* **TASK ITEM**: Look below for the line containing "фигурки игрушки пять" and the line containing "24 гола до Гретцки: Овечкин", then set down both and every line between them exactly, without pictures.
START DATA FOR THE TASK
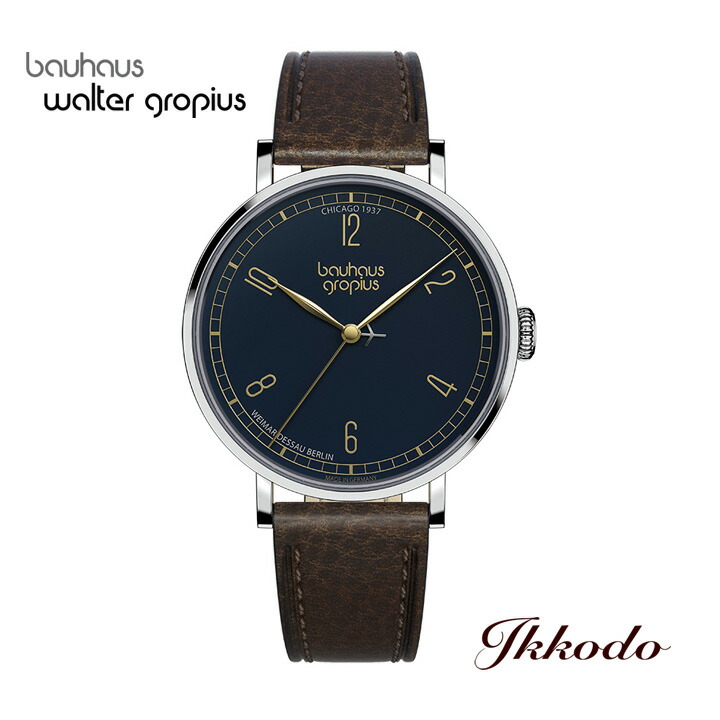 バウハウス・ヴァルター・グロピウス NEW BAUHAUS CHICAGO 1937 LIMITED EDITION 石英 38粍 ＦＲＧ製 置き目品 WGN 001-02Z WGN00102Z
END DATA FOR THE TASK
START DATA FOR THE TASK
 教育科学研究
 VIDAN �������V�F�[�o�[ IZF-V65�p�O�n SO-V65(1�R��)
END DATA FOR THE TASK
START DATA FOR THE TASK
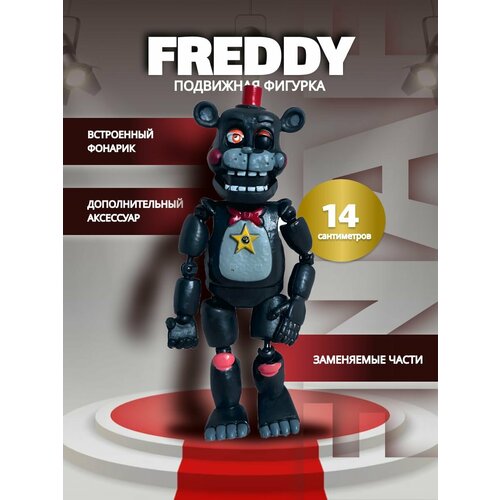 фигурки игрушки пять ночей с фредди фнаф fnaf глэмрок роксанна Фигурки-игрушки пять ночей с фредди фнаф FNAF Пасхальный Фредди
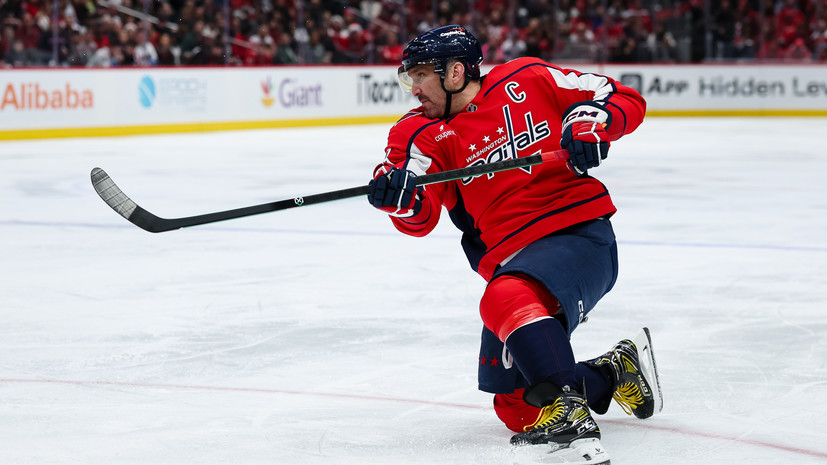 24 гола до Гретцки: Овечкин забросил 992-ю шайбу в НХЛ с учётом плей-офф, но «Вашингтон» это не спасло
END DATA FOR THE TASK
* **EXERCISE SOLUTION**:
 фигурки игрушки пять ночей с фредди фнаф fnaf глэмрок роксанна Фигурки-игрушки пять ночей с фредди фнаф FNAF Пасхальный Фредди
 24 гола до Гретцки: Овечкин забросил 992-ю шайбу в НХЛ с учётом плей-офф, но «Вашингтон» это не спасло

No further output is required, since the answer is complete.